透明な壁の中に眠っていた巨大な生命——水竜。

セシリアが読み解いたその術式の正体は、彼女の常識を覆すものでした。

そして焚き火を囲む夜、ガルドの手が「ある過ち」を繰り返します。


「封印術式の類いか?」


 ルークが剣の柄を握り直した。


「いいえ。封印じゃない」


 セシリアが首を振る。


「封印というのは、対象を『縛る』ものよ。鎖で相手をがんじがらめにして、動けないようにする。でもこれは違う。……この水竜の理の糸は、束縛されていないわ。むしろ——」


 彼女が壁に頬を寄せた。


 目が潤んでいる。


「——整えられている。絡まっていた水竜の理が、一本一本、丁寧にほどかれて、正しい位置に戻された上で、眠らされているの。
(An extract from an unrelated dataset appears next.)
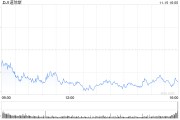 收盘：周五美股收跌科技股领跌 三大股指本周均录得跌幅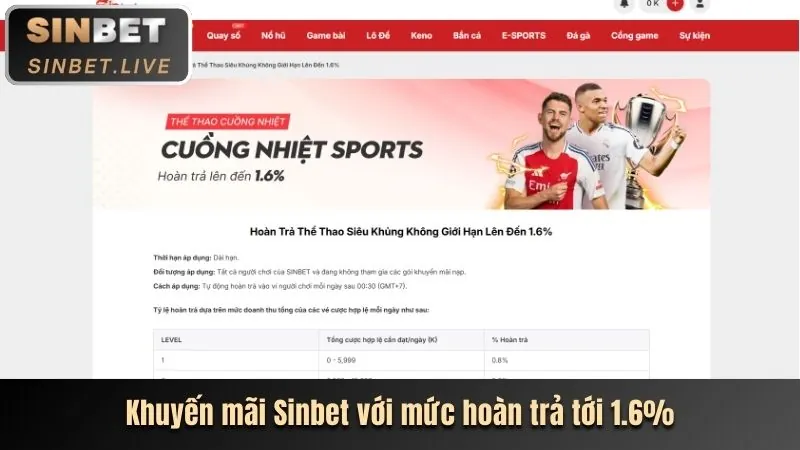 Khuyến mãi 79king nhà cái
痛みも苦しみもない、究極的に穏やかな眠りの中に」


「……それを、誰がやったんだ」


「分からない。でも、これだけの規模の術を行使するには——本来なら三十人以上の魔導師と膨大な時間が必要なはず。それを、たった一人で。しかも触媒も魔法陣もなしに」


 セシリアの声が震えていた。


 畏怖と、困惑と、それから——ほんの僅かな憧憬が混ざったような、複雑な震え。


 ガルドは黙って壁に手を当てたまま、何か考え込んでいた。


 ルークも、何も言えなかった。


 胸の奥が軋んだ。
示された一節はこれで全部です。